Jorge Ladines

Personal information
- Full name: Jorge Washington Ladines Garcés
- Date of birth: September 21, 1986 (age 39)
- Place of birth: Guayaquil, Ecuador
- Height: 1.65 m (5 ft 5 in)
- Position: Winger

Senior career*
- Years: Team / Apps / (Gls)
- 2005–2008: Emelec / 95 / (21)
- 2009–2010: El Nacional / 14 / (4)
- 2010: Deportivo Cuenca / 10 / (1)
- 2011: LDE Guayaquil / 4 / (0)
- 2012: Barcelona / 0 / (0)

International career^{‡}
- 2006–present: Ecuador / 1 / (0)

= Jorge Ladines =

Ecuadorian footballer (born 1986)

Jorge Washington Ladines Garcés (born September 21, 1986) is an Ecuadorian footballer.

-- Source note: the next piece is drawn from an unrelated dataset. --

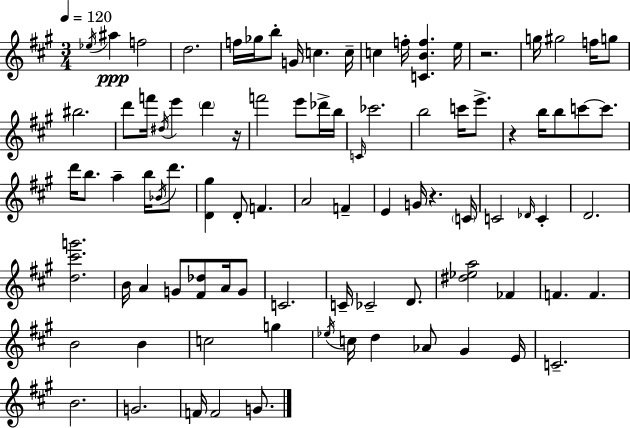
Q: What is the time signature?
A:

He currently plays for Barcelona Sporting Club in the Campeonato Ecuatoriano de Fútbol.

==Club career==
He has played for multiple club teams, including Emelec Guayaquil, El Nacional Quito, and Patria Guayaquil.

==International career==
He received his first international call up for Ecuador for a September 2007 friendly against El Salvador, which Ecuador won 5–1. He also was included in the squad that began the 2010 World Cup qualifying campaign.